Скотти уже идет к скамье, когда судья его объявляет — «Ха, ха», — смеются они на лавке, так хорошо его знаючи, Скотти никогда не подводит. В начале 8-го Скот выходит бить абы как, в питчерской своей куртке и битой в могучих руках машет вольно, без особого усилия, и опять же краткими непоказными движениями, питчер залуживает идеальный удар после 2 и 0, и Скотти тут же укорачивает его влево над перчаткой шортстопа — он рысит к первой базе, как Детка Рут[29], он всегда бил точные одиночные, не хотел бегать, когда подает.
Так вот я и видел его утром, его звали Болдьё, меня в уме немедленно поразило Больё — улицей, на которой я научился плакать и бояться темноты и на много лет — своего брата (почти до 10) — это мне доказывало, что не вся моя жизнь черна.
Скотти, названный так за сугубую бережливость — с батончиками по 5 центов и киношками по 11, сидел в том парадном морщинистого гудрона с Джи-Джеем. Елозой и мной — и с Винни.
Винни был сиротой много лет, а потом вернулся отец, вынул его мать из какой-то прачечной нужды, собрал вместе всех своих детей из разных приютов и вновь слепил себе дом и семью в многоквартирках Муди — звали его Счастливец Бержерак, человек запойный, что привело его к паденьям вначале, равно как и Старина Валет Бубён, устроился на работу ремонтировать американские горки в парке Лейквью — Ну и дикий же у них дом был, визг многоквартирный — Мать Винни звали Шарлотта, но мы это имя произносили Чарли, «Эй, Чарли» — так вот Винни обращался к собственной матери диким воплем.
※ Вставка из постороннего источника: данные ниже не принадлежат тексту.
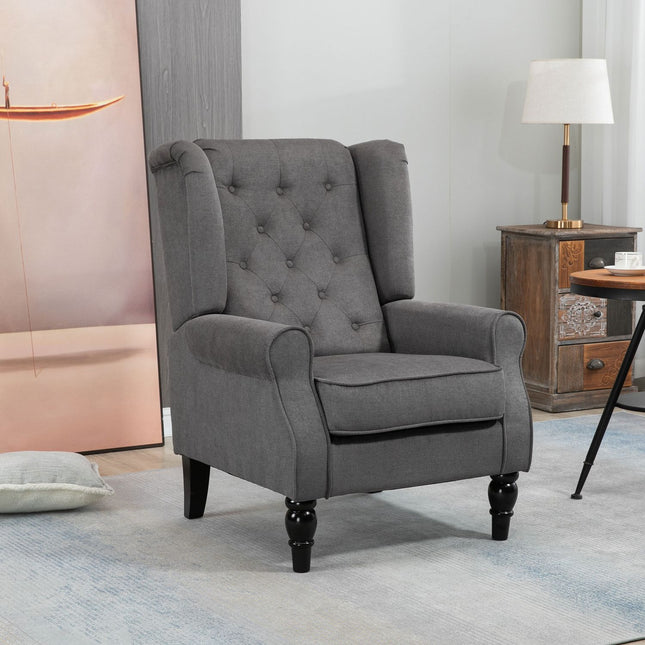 Ohrensessel, dunkelgraues Polyester, Holzbeine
Винни был худ и тощо мальчишеск, очень правильные черты лица и симпатичный, с высоким голосом, возбужденный, нежный, всегда хохотал или улыбался, вечно матерился, как распоследний сукин сын, «Хезаный Христе, дьявол тебя задери, Чарли, какого хуя ты хочешь, чтоб я сидел в этой, блядь, чертовой ванне весь хренский день —» Его отец Счастливец превосходил его невероятно, у него единственным красноречием было срамословье: «Ебический Есусе, черт бы брал меня за яйца, сукинский сын, я, конечно, заскорузлая говеха, но ты сегодня прям жирножопая коровища, Чарли…» — и от подобного комплимента Чарли восторженно визжала — такого дикого визга нигде больше не услышишь, зенки у нее вспыхивали прямо-таки белым пламенем, долбанутая была на всю голову, к бабке не ходи, когда я впервые ее увидел, она стояла на стуле, лампочку вворачивала, а Винни подскочил, заглянул ей под платье (ему было 13) и завопил: «Ой Хренов Христус, ну и жопка же у тебя, Ма!» — а она давай визжать да как шлепнет его по башке, дом радости прямо. Мы с Джи-Джеем, Елозой и Скотти, бывало, просиживали в том доме целыми днями.
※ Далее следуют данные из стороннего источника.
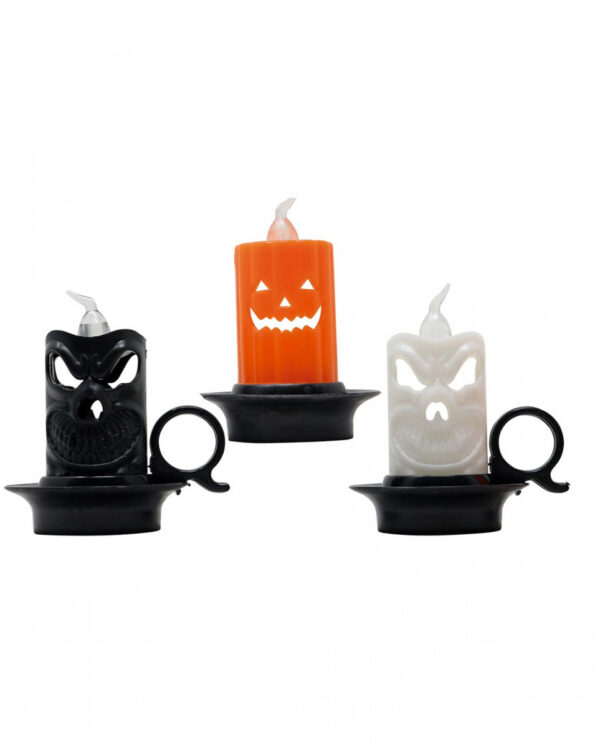 Halloween Mini-Laterne mit buntem Flackerlicht 7cm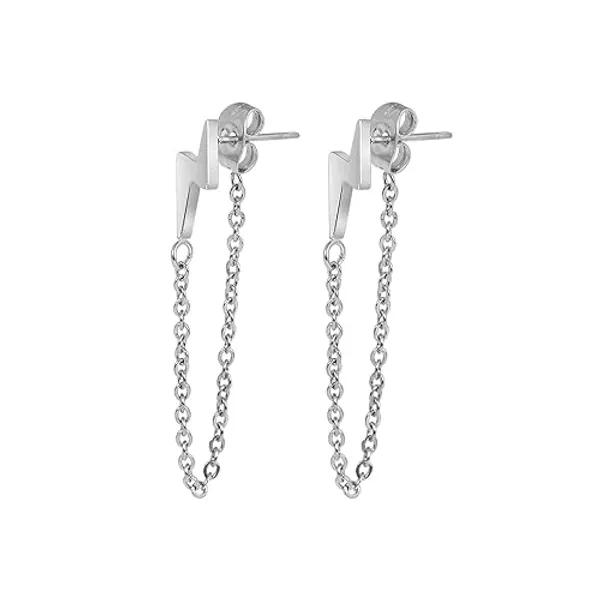 Edforce Stainless Steel Women's Lightning Bolt Dangle Earrings, 60mm/2.4in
«Ёшкин Иисус, что за маньяк!»
«Он чё, спятил — знаешь, чё сделал? Сунул палец себе в жопу и грит: Вуу-Вуу —»
«Пятнадцать концов кончил, чтоб мне пропасть, скакал и дрочил весь день — по радио «Клуб 920»[30], Чарли на работе — Заза полоумный».
Жилой дом тот стоял через дорогу от Потакетвилльского Общественного Клуба — организации, призванной быть неким местом встреч для толкания речей о франко-американских делах, а на самом деле то был просто огромный ревущий салун и кегельбан с бильярдом, зал же для собраний постоянно бывал на запоре. Папа мой в тот год управлял кегельбаном, великие карточные партии на всю ночь мы весь день имитировали дома у Винни вистом на сигареты «Крылья»[31]. (Я один из них не курил, Винни, бывало, выкуривал по две сигареты зараз и затягивался поглубже, как только мог.) Насрать нам было на какого-то Доктора Сакса.
Великие здоровенные трепачи, кореша Счастливца, взрослые мужики, заходили и оделяли нас фантастическими враками и россказнями — мы на них орали: «Ну и трепло, ёксель, да ни в жисть — ну и трепло же он!» Что бы мы ни сказали, выражалось так: «Ох и надерет же мне жопу старик, если узнает, что мы каски сперли, Джи-Джей».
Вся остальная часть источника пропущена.